Per-bucket Platt scaling on a 425-bet sports model: global per-sport fit was making it worse
Working on a sports prediction model in my spare time and ran into a calibration issue that surprised me. Sharing in case it's useful, or anyone has thoughts.
Setup: my journal has ~425 graded singles across NBA, MLB, and MMA. I was applying per-sport Platt scaling (one A/B sigmoid fit per sport) as a final residual correction after the Elo + form + market-anchor blend.
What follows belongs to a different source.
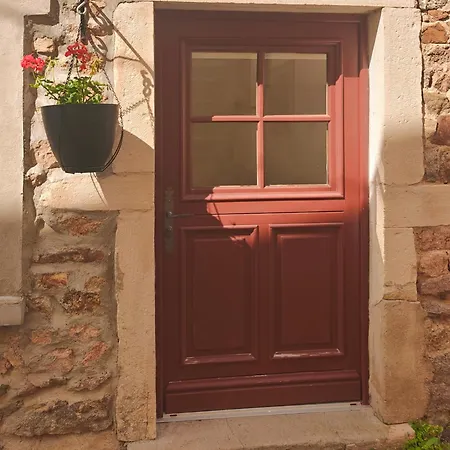 L'oree Du Vignoble Vaux-en-Beaujolais
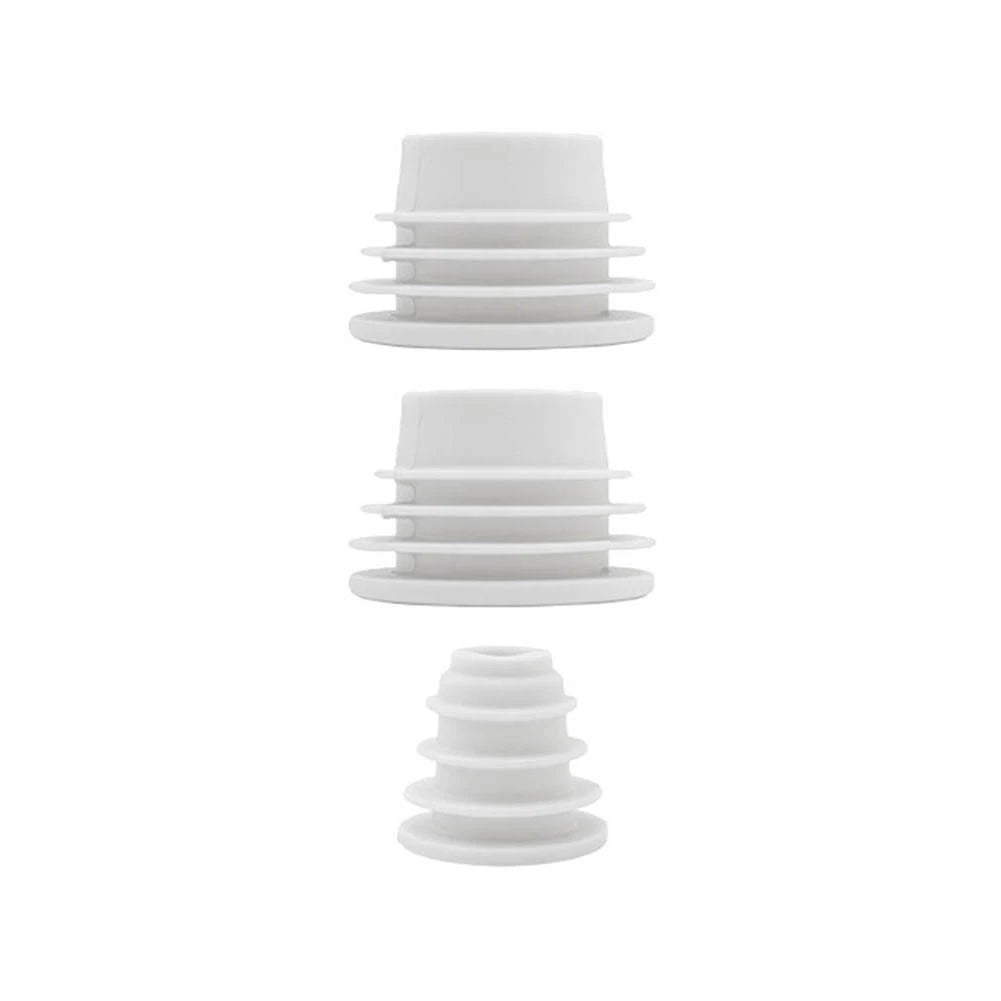 Water Tank Sealing Ring Kit for ECOVACS Deebot X5PRO X5MAX (N/A)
Standard pattern from the binary-classifier literature.
Worked fine until I started bucketing the journal by verdict tier (STRONG BET vs GOOD BET) and noticed the two tiers were miscalibrated in opposite directions:
NBA STRONG (eff_n=28, 30d half-life): A = -6.83, B = +4.23
NBA GOOD (eff_n=22): A = +2.65, B = -1.77
MLB STRONG (eff_n=46): A = +3.57, B = -2.52
MLB GOOD (eff_n=127): A = +2.10, B = -1.12
The NBA STRONG and GOOD slopes disagree on sign. The single per-sport NBA fit (A=-1.36) was averaging those two errors and correcting both buckets wrong.
Fixed by switching to per-(sport, verdict_tier) Platt with a fallback chain: per-bucket when eff_n ≥ 12, else per-sport, else global, else identity. Verdict tier at inference is inferred from the probability band (p ≥ 0.68 = STRONG, 0.55-0.68 = GOOD) since the actual verdict label isn't known until edge is computed downstream.
Delta on synthetic predictions:
NBA STRONG @ p=0.78: per-sport -> 0.358, per-bucket -> 0.251 (-10.7pt)
MLB GOOD @ p=0.62: per-sport -> 0.516, per-bucket -> 0.546 (+3.0pt)
Calibration audit is live at lakeshore-edge.com/model if anyone wants the raw data. Per-bucket coefficients update on the journal reflect loop.
Caveats I'm aware of:
- 425 bets is still tiny for a 2-parameter sigmoid per bucket
- Verdict-tier inference from p-band has its own selection bias (high-p picks become STRONG more often, so the bucket fit is fitting on a non-random subset)
- Time-decay weighting (30d half-life) is plausible but not validated against a held-out window
Question for the sub: anyone done per-bucket calibration in this kind of small-sample regime? Specifically deciding between hierarchical Bayes (pool partial information across buckets) and the simpler fallback chain I'm running now.